== Data for the task

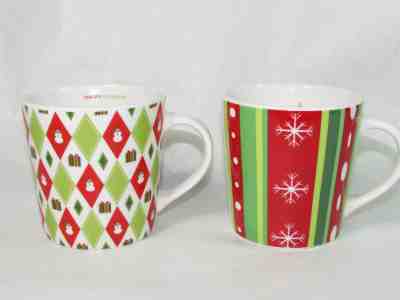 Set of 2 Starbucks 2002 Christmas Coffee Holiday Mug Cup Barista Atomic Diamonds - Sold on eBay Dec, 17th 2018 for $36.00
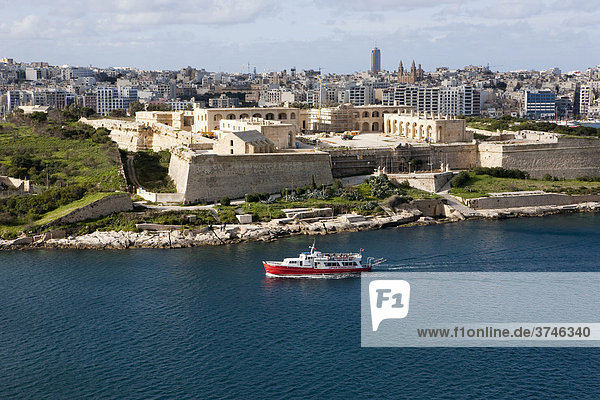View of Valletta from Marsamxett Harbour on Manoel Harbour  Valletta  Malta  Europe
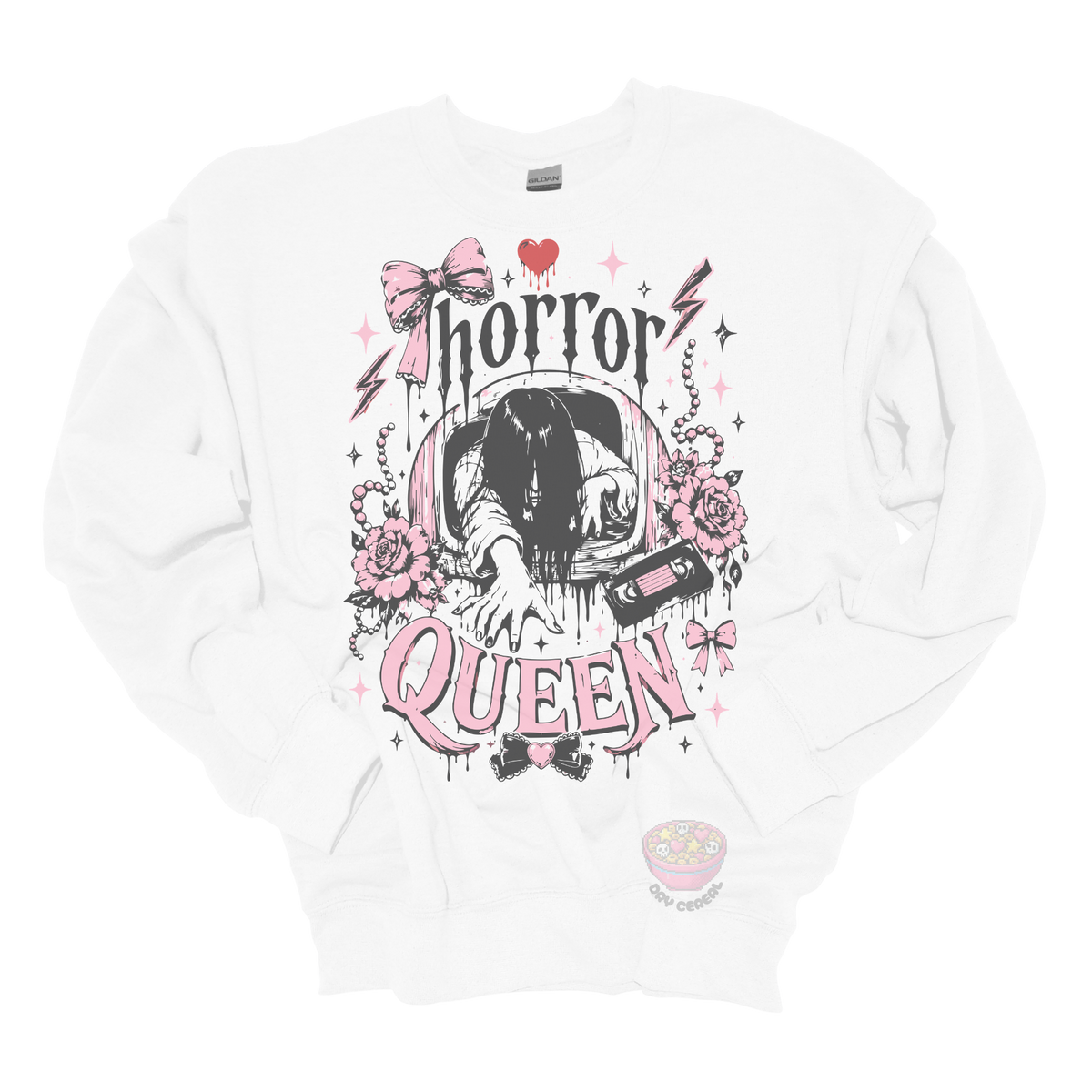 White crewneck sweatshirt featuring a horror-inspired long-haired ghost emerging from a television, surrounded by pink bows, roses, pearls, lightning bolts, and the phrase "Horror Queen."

====
== Data for the task

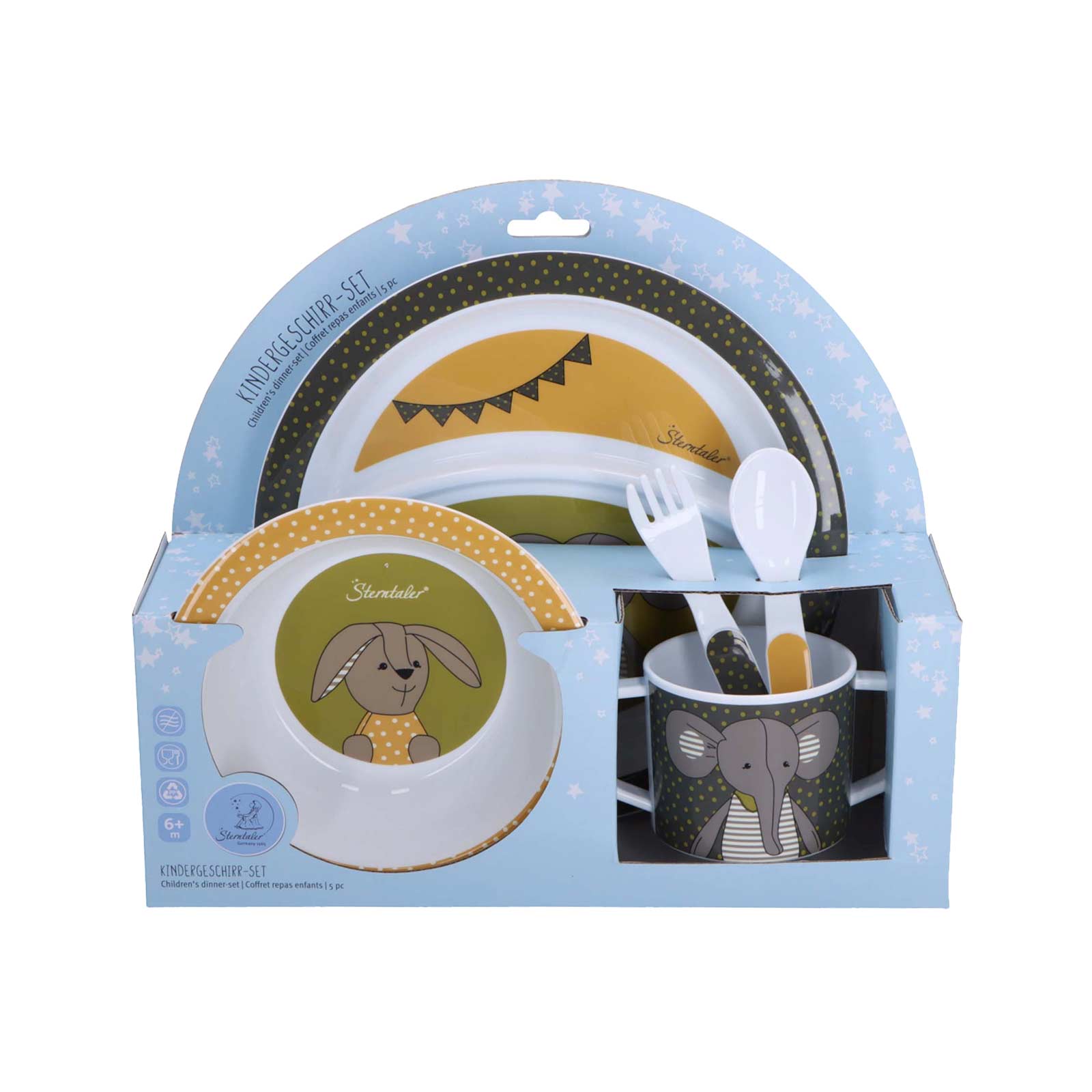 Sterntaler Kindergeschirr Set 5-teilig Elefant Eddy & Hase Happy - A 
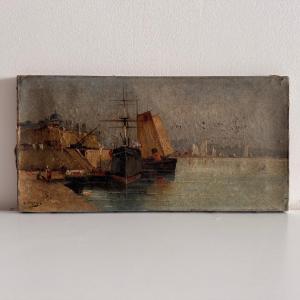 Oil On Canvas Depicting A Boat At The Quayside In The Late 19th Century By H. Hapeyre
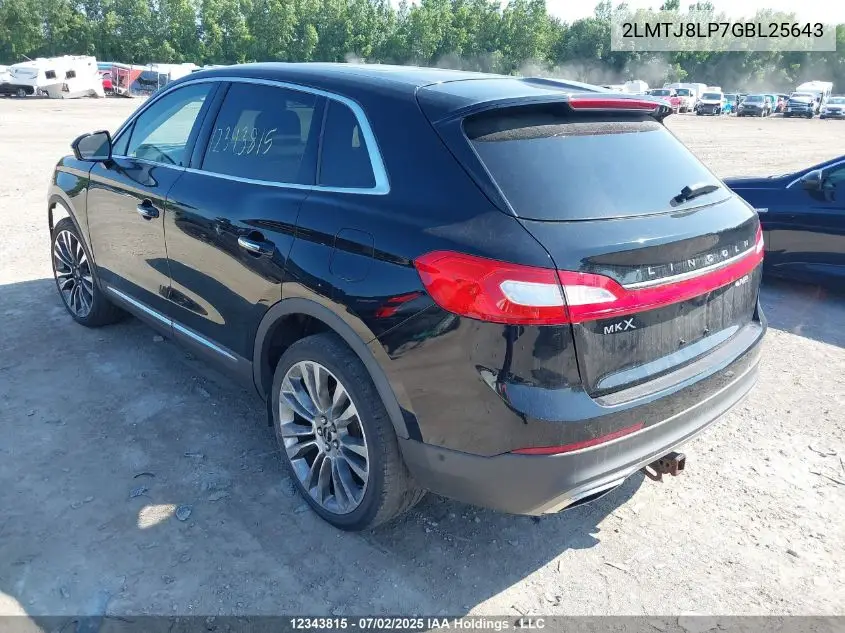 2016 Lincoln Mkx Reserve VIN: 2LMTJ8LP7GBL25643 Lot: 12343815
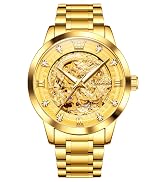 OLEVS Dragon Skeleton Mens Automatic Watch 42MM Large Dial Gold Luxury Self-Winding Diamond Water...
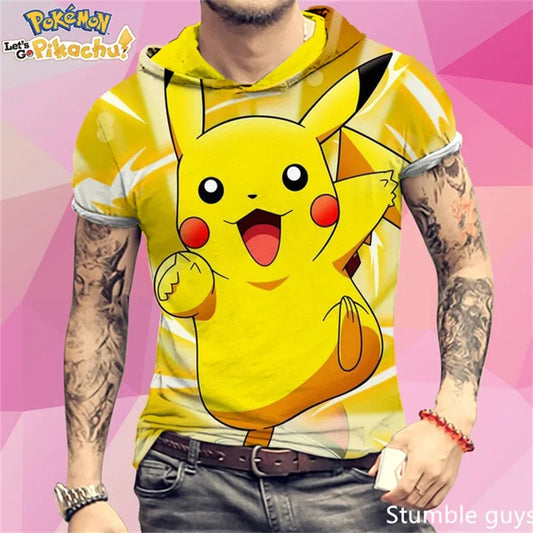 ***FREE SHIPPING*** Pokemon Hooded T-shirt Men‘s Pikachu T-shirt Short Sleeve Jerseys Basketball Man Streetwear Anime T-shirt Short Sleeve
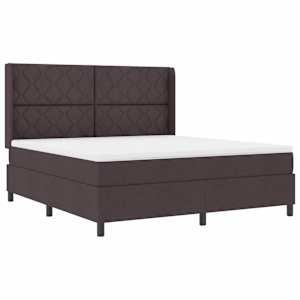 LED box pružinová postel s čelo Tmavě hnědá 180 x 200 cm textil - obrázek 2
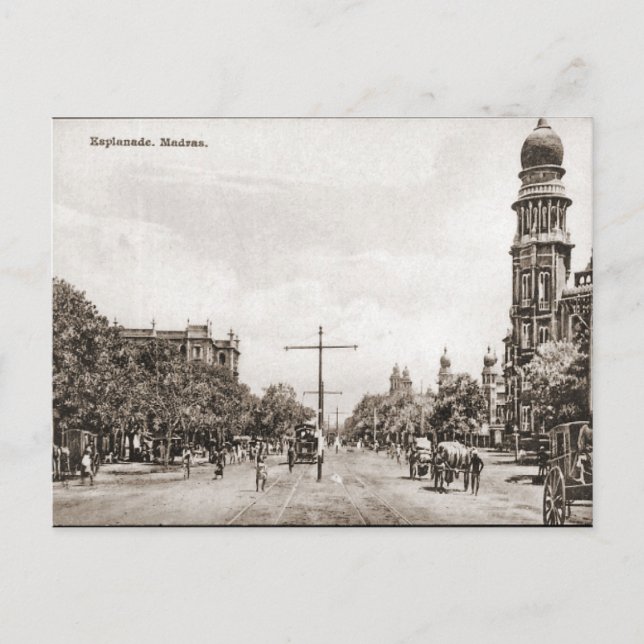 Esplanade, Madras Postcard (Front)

====

Your reply should consist solely of the lines above from the line containing "LED box pružinová" up to and including the line containing "Esplanade, Madras Postcard (Front)", reproduced exactly, minus the pictures.

- Task response -
 LED box pružinová postel s čelo Tmavě hnědá 180 x 200 cm textil - obrázek 2
 Esplanade, Madras Postcard (Front)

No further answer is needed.